Nella parte esterna esse presentano, come già accennato, bassorilievi che intessono dentelli a punta di diamante nelle cornici.
Le due finestre sono sicuramente coeve, e quindi anche i due organismi devono esserlo, a meno che le cornici delle finestre non siano state aggiunte in un secondo tempo, per esempio quando fu eretta la chiesetta di S. Felice.
Le due aule sono raccordate nella parte superiore da una colombaia che trasforma la copertura dell’organismo, orientato da ovest ad est, da spiovente in piana.
Veniamo ora alle torri del castello: quella ad ovest, più alta di quella ad est, è crollata dalla parte interna e presenta lunghe crepe nei muri a nord e a ovest, e quindi rappresenta il maggior elemento di preoccupazione.
La parete nord presenta una finestra superiore murata ed una più in basso ridimensionata con mattoni di tufo, posta alla stessa altezza di altre due finestre anch’esse ridotte nelle dimensioni forse per motivi di difesa.
La torre est, contenente una delle tre finestre sopraccitate, è leggermente più bassa ma larga il doppio dell’altra; all’esterno appare chiusa con alcune strette feritoie ed una finestra murata in cui era lasciata solo una piccola apertura quadrata (evidentemente a scopo difensivo).
La parte centrale è solidale nel paramento murario esterno con la torre ovest ed è il più basso fra i tre corpi. Essa è sostenuta da due potenti contrafforti che si elevano fino all’altezza della finestra a primo piano e incorniciano un’altra finestrella a piano terra.

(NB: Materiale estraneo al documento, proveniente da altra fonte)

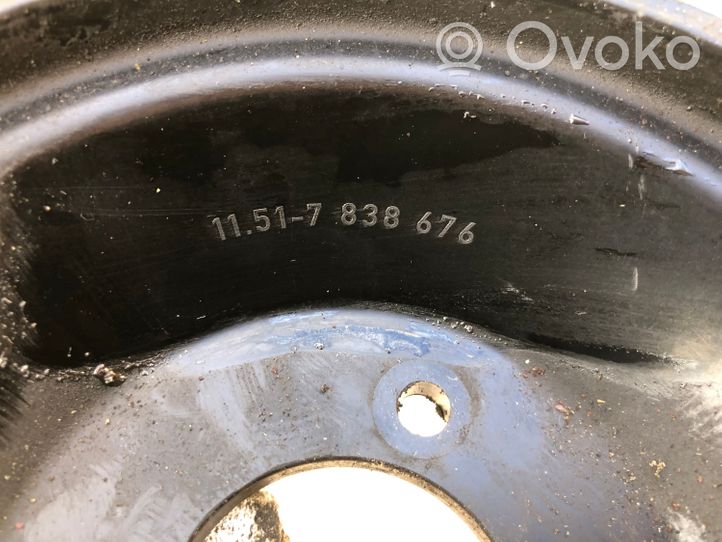 BMW M3 Koło pasowe pompy wody 7838676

L’aspetto esterno è di una costruzione solida ed impenetrabile, mentre all’interno gli ambienti si sviluppano su due livelli: piano terra, coperto con volte a botte e ad ogiva, e primo piano accessibile tramite una scala che parte con doppia campata e arriva al primo piano con rampa singola.
Gli ambienti del primo piano sono a pianta rettangolare, coperti a crociere ogivali nei due locali ancora integri e con volte a botte e ogiva nei due ambienti crollati.
CROLLO
Quanto al crollo dell’ala ovest, possiamo in questa sede formulare solo ipotesi basate sull’analisi delle parti architettoniche. Il cedimento si è verificato nel muro di sostegno delle due volte all’estremità ovest insieme a parte del muro interno.
Bisognerebbe rimuovere le macerie per verificare eventuali cedimenti fondali. Il crollo però è da attribuire con più probabilità ad un cedimento strutturale, forse per il sovraccarico dei muri portanti. Grande attenzione bisognerebbe prestare all’eventuale rimozione delle macerie, le quali hanno, nella posizione attuale, stabilizzato le tensioni e formano un nuovo bulbo delle pressioni alla base dei muri superstiti.
Nell’intervenire, previo utilizzo di robuste impalcature di sostegno, sulle due lunghe crepe, non basteranno ganci metallici antiespulsivi ed iniezioni di cemento, dovendosi adottare probabilmente un qualche tipo di contrafforte. Analizzeremo il problema del crollo successivamente nell’ambito dell’analisi dei dissesti.